Carbon Sequestration Project

The Rio Bravo Carbon Sequestration Project was started 1996 under the U.S. Initiative on Joint Implementation as one of the first REDD projects in the world. Programme for Belize, The Nature Conservancy (http://www.nature.org), We Energies, and several U.S. and Canadian energy companies with the approval of the Government of Belize were responsible for the development of this pioneering conservation project. The project seeks to demonstrate that a well-designed forest conservation and management project can produce significant net carbon benefits that are scientifically valid and long lasting. The Rio Bravo was one of seven sites approved for this 40-year global endeavor which seeks to reduce greenhouse gas emissions through a combination of land acquisition and sustainable forest management and also aids in that rehabilitation effort.

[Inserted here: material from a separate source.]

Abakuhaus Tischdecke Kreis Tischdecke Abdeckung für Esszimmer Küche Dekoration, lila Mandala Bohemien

In December 2012, the original pilot project was redesigned as the Rio Bravo Climate Action Project which ensures the conservation and sustainable management of 15,550 acres of forest in of Belize. Between 2002 and 2010, the project prevented the net emission of 1,660,260 metric tons of carbon dioxide by preventing its conversion to mechanized agriculture.

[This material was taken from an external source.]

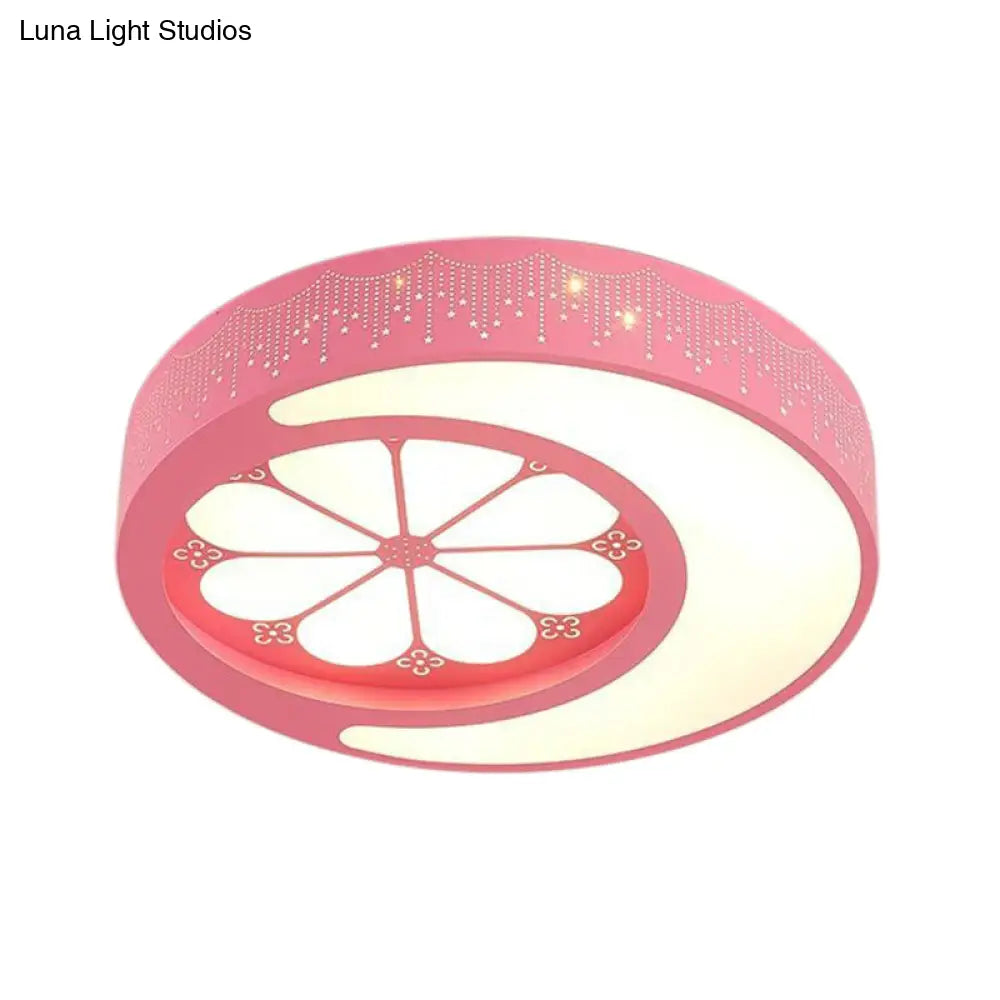 DecorBites™ DecorBites™ Children's Metallic Ceiling Lamp: Circular LED Flush Mount Light with Crescent and Flower Design for Girl's Bedroom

Programme for Belize, a long-time partner of The Nature Conservancy, manages the carbon project and private reserve. Initial project funding for land acquisition and project implementation was provided by WE Energies, Duke Energy, DTE Energy, PacifiCorp, and the Utilitree Carbon Company. Today, the project is receiving additional financial support from Delta Air Lines, customers of Delta Air Lines and supporters of The Nature Conservancy who offset their personal carbon footprint by making donations resulting in the retirement of verified offsets from this project. The Project has been validated and verified according to the Verified Carbon Standard (“VCS”), a global leader in the quantification of carbon emissions and the issuance of credits on the voluntary market.
The Rio Bravo Climate Action Project is a part of a wider ecologically diverse landscape called the Rio Bravo Conservation and Management Area, providing habitat for extensive hardwood forests, pine savannah and wetlands. Threatened plant and animal species are common in the project area which require constant protection. The population of plant species such as mahogany and cedar, and other commercially valuable tree species are still healthy. Abundant in wildlife, the Rio Bravo Conservation Management Area is reputed to have the healthiest and most plentiful population of jaguars in all of Central America. The project area is home to 200 species of trees, 400 species of birds (20-25% migratory species), 70 species of mammals and 39 species of conservation concern including the Jaguar, Puma, Margay, Ocelot, the Howler and Spider Monkeys.